Tether is owned by a trading company named Bitfinex which has recently come under scrutiny by a blogger identifying themselves as Bitfinex’d.
The user has detailed in posts, tweets and YouTube videos that tether has been plucked from thin air to boost the value of bitcoin.
Investor worries have stemmed from the fact Bitfinex has previously declared that all of its coins are backed by real US dollar deposits, giving it a one to one value.
However, market concerns have been heightened following the series of blog posts from Bitfinex’d that, if true, could send bitcoin crashing if it is discovered its value has been artificially bumped up.
To prove to investors that there is nothing to worry about, Bitfinex promised to release an audit of its financials – however this has not taken place.
Since then, Bitfinex has announced that it has cut ties with its auditor, Friedman LLP, adding to current market doubts.
In a statement, the virtual currency exchange said: “We confirm that the relationship with Friedman is dissolved.
“Given the excruciatingly detailed procedures Friedman was undertaking for the relatively simple balance sheet of tether, it became clear that an audit would be unattainable in a reasonable time frame.
“As tether is the first company in the space to undergo this process and pursue this level of transparency, there is no precedent set to guide the process nor any benchmark against which to measure its success.”
Nicholas Weaver, a professor from UC Berkeley’s International Computer Science Institute, declared that a “bloodbath” would ensue if tether fails to hold its value and reassure investors.
He tweeted: “At current prices, net new bitcoin requires $18million of net new dollars flowing in to maintain the price.

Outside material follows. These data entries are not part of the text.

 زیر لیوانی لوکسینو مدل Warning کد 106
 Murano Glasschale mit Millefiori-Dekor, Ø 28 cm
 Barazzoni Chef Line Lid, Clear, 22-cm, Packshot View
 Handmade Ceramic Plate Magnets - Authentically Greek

“Yet there is a net $100million a day of fake dollars in the form of Tethers…
“If that tether printing press ever breaks, there will be a true bloodbath on the cryptocurrency prices. Good.”

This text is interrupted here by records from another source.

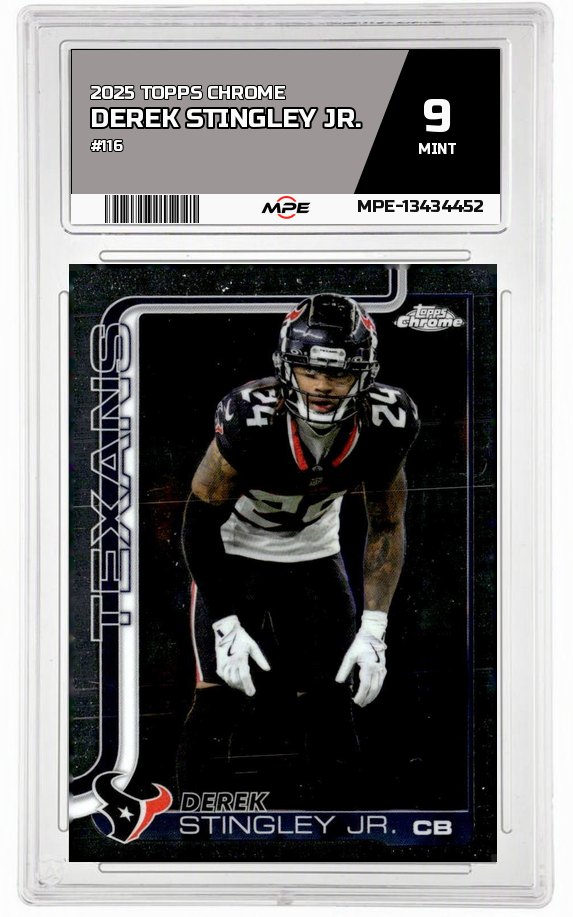 2025 TOPPS CHROME #116 DEREK STINGLEY JR. MPE 9 MINT — graded card auctioned from the MPE vault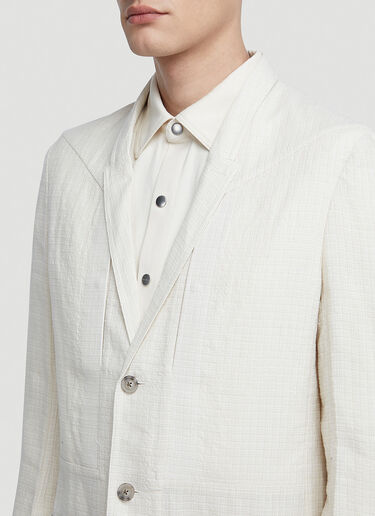 Rick Owens Lido Blazer Cream ric0147001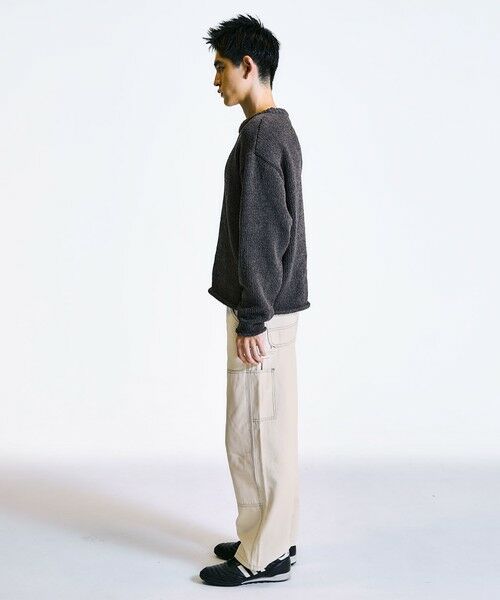 SHIPS / シップス ニット・セーター | City Ambient Products:〈手洗い可能〉モール ロール クルーネック ニット | 詳細2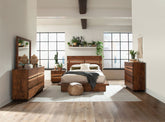 Tampa Furniture Outlet - Coaster - Winslow 5-piece Queen Bedroom Set Smokey Walnut - 223250Q-S5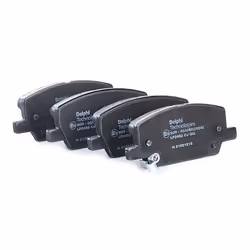 DELPHI LP3482 Brake pad set with acoustic wear warning with anti-squeak plate without accessories VAUXHALL: Mokka / Mokka X, Insignia Mk2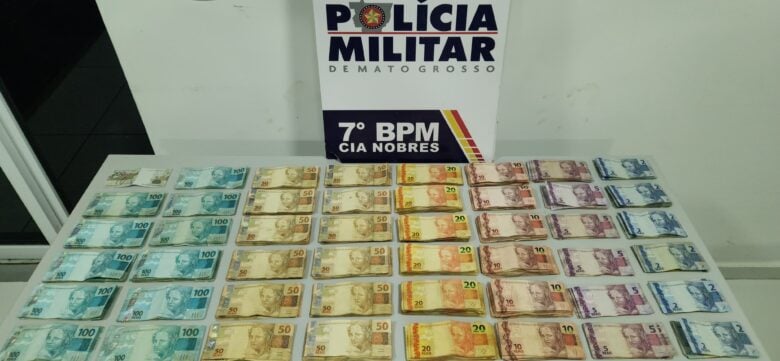 Trio é preso com R$ 32 mil e associação criminosa em Nobres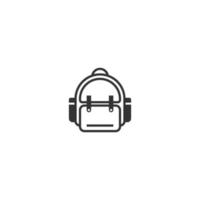 Backpack line icon. linear style sign for mobile concept and web design. Backpack outline vector icon. Symbol, logo illustration. Vector graphic
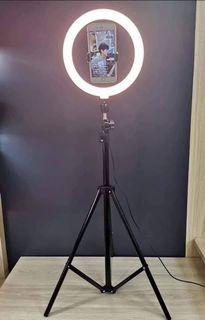 26cm BULB TYPE RINGLIGHT WITH CP HOLDER   & STAND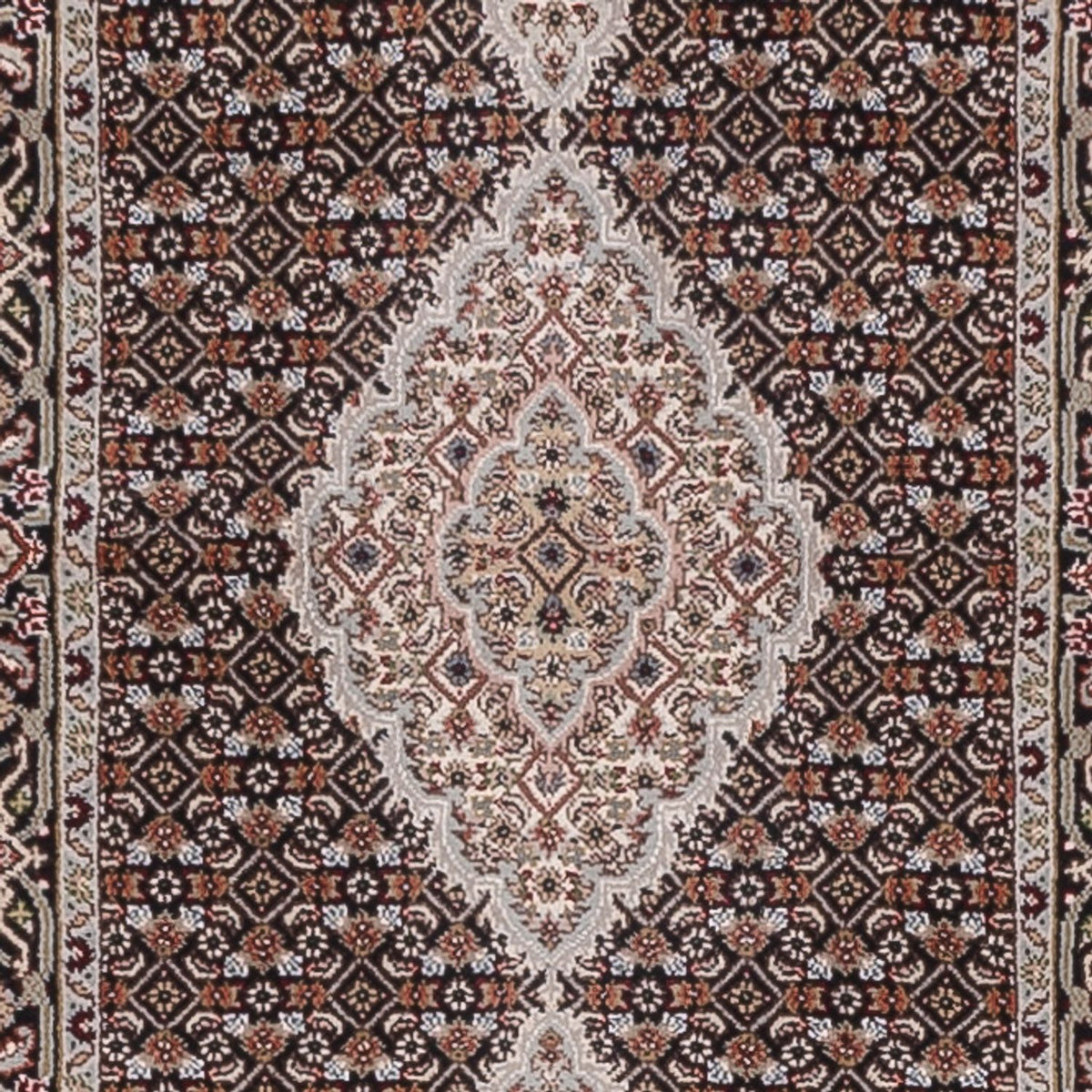Alfombra de pasillo Alfombra oriental - Tabriz - 406 x 82 cm - antracita
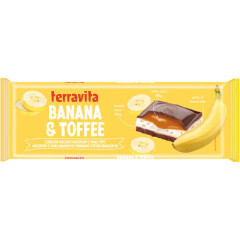 TERRAVITA Šokoladas terravita banana &toffee 235g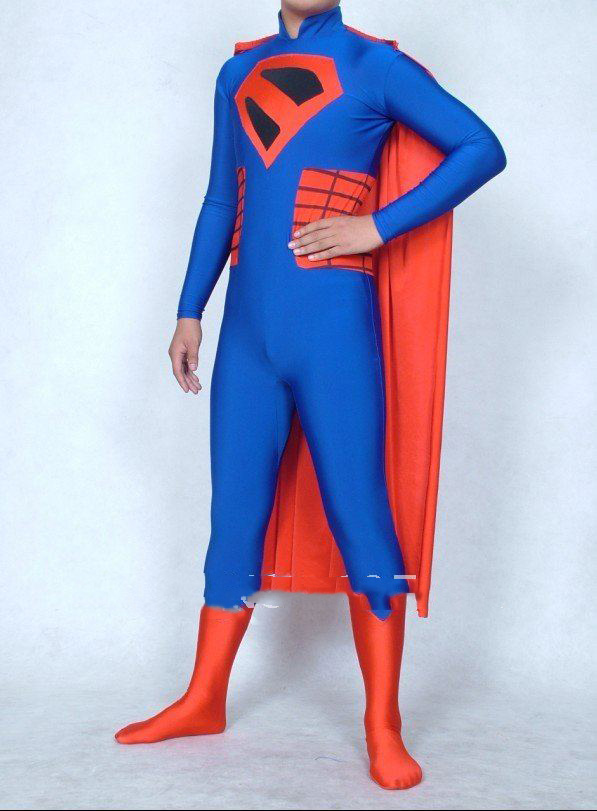 Lycra Spendex Zentai Superhero Costume SUPERKING C130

An anonymous analyst wrote in a report entitled “Quantifying the Effect of Tether” that it was “highly unlikely that tether is growing through any organic business process, rather that they are printing in response to market conditions”.
The report went on: “Tether printing moves the market appreciably.
“48.8 per cent of bitcoin’s price rise in the period studied occurred in the two-hour periods following the arrival of 91 different tether grants to the Bitfinex wallet.
“Bitfinex withdrawal/deposit statistics are unusual and would give rise to further scrutiny in a typical accounting environment. If there is questionable activity, the author believes a 30-80 per cent reduction in bitcoin price could be forecast.”
Author David Gerard reiterated calls to Bitfinex to “release those audits” to “calm the market”.
He explained: “People don’t seem to be able to redeem tethers for US dollars at all. The tether web page says they’re ‘subject to frequent professional audits’ — so they need to release those audits, and calm the market.”
Meanwhile Bitfinex’d predicted a cryptocurrency crash larger than the collapse of the Mt. Gox exchange that saw more than $450million (£318million) stolen.
He tweeted: “I called it months ago, multiple times, you’d never see a Tether audit.
“Next call: Bitfinex and Tether fail spectacularly and a crash worse than Mt. Gox.”
Following the series of criticisms from the blogger, Bitfinex threatened to file legal action against them.
The company said: “To date, every claim made by these bad actors has been patently false and made simply to agitate the cryptocurrency ecosystem.
“As a result, Bitfinex has decided to assert all of its legal rights and remedies against this agitator and his associates.”